While we linked to a corresponding article with more results and more detail on the methodology, we should have made that link more obvious. That article gives a much deeper description of the assumptions and methods used, including references to assumptions behind the theory and underpinnings of the approach. We have updated the Tuesday post with a direct link and include links in this postscript.
The article "A New School of Thought for Our Thoughts on Schools" describes the challenge:
The solution that we propose is to use neural networks to perform representational learning on the data. In other words, instead of manually going through the dataset and engineering a handful of features, we propose to use neural networks to automatically encode (autoencode) the information, including information about where data are missing, in a smaller dimensional space. Similar to principal components analysis (PCA), auto-encoding via neural networks is a dimension-reducing technique, but is more apt at handling variables that are nonlinearly related. In fact, it could be thought of as a more generalized version of PCA. Of course, such compression is lossy, but much of the information lost will be uninteresting noise and redundancies.
The approach breaks up the 3,599 variables into a discrete number of categories, which then goes through successive layers of the neural network to generate a 2D representation.
I won't pretend to answer all questions by this summary, but instead I want to point out the source for describing this additional detail.
Through all of this discussion, I want to remind readers that Steve in the original post was quite deliberate about what is not being claimed by this research.

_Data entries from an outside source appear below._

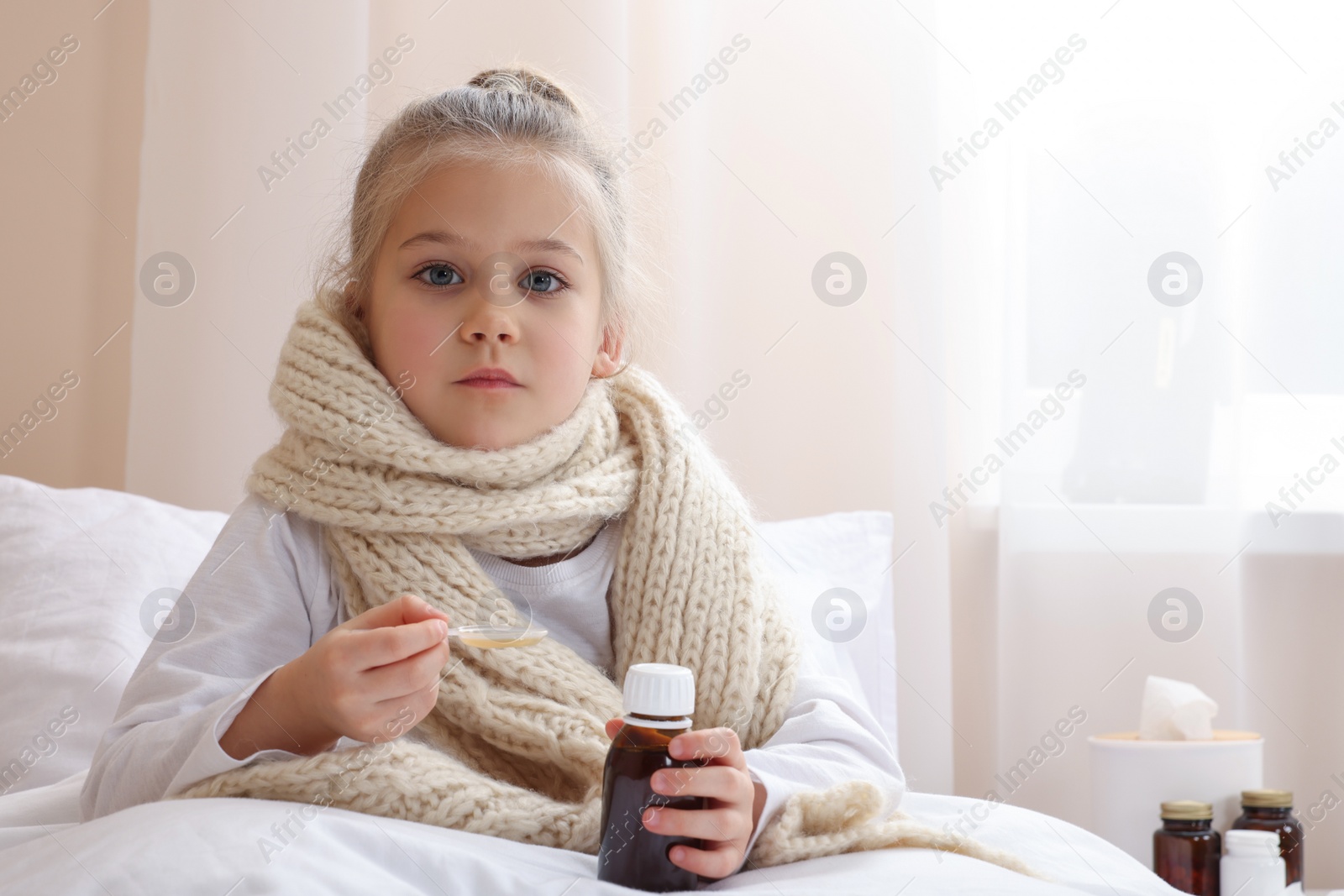 Photo of Sick girl taking cough syrup on bed at home, space for text. Cold medicine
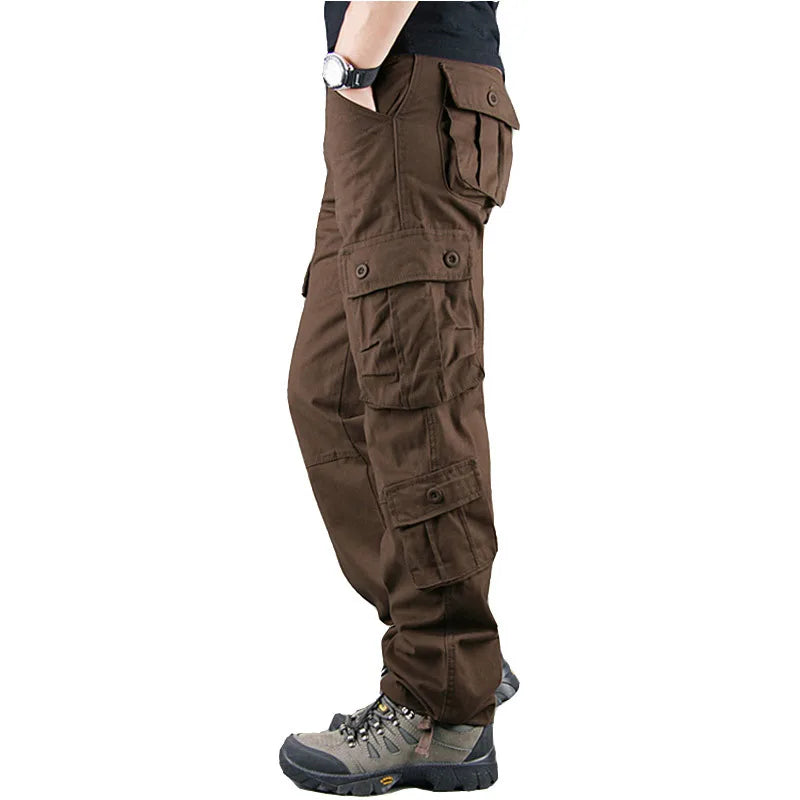 Brown cargo pants worn by a person on a white background 08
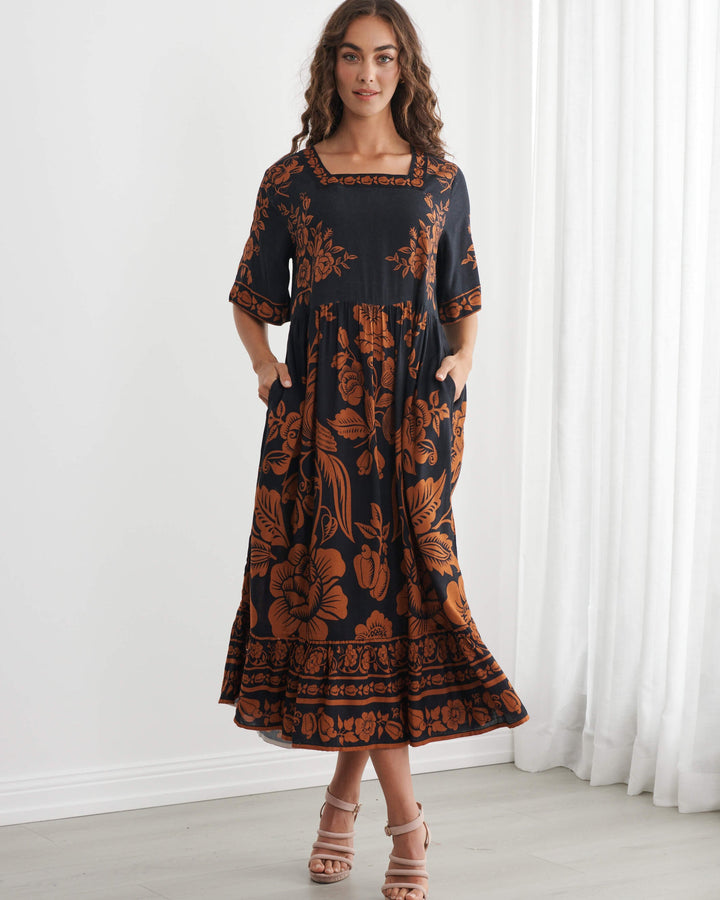 Caju A woman modeling a black midi dress with a rust-orange floral and botanical pattern, standing in a bright room with white walls and sheer white curtains.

Out of an abundance of concern that the results of this experiment would be misrepresented, we’ll immediately point out that we make no claim that the rankings in this piece are the proper method for ranking these institutions, and we caution anyone from thinking of them as such.
The real goal is further described in the New School article's concluding paragraph:
The methodology described in this paper and the pedagogical use-cases provide a rich framework for advanced analytics of post-secondary education—something that the consequence of the industry and the unwieldiness of the data demands. It is our hope that a future proliferation of similar work will promote further transparency in the post-secondary school market, more holistic approaches to data use, and ultimately more complete, fairer, and objective metrics that empower students to make the best decisions.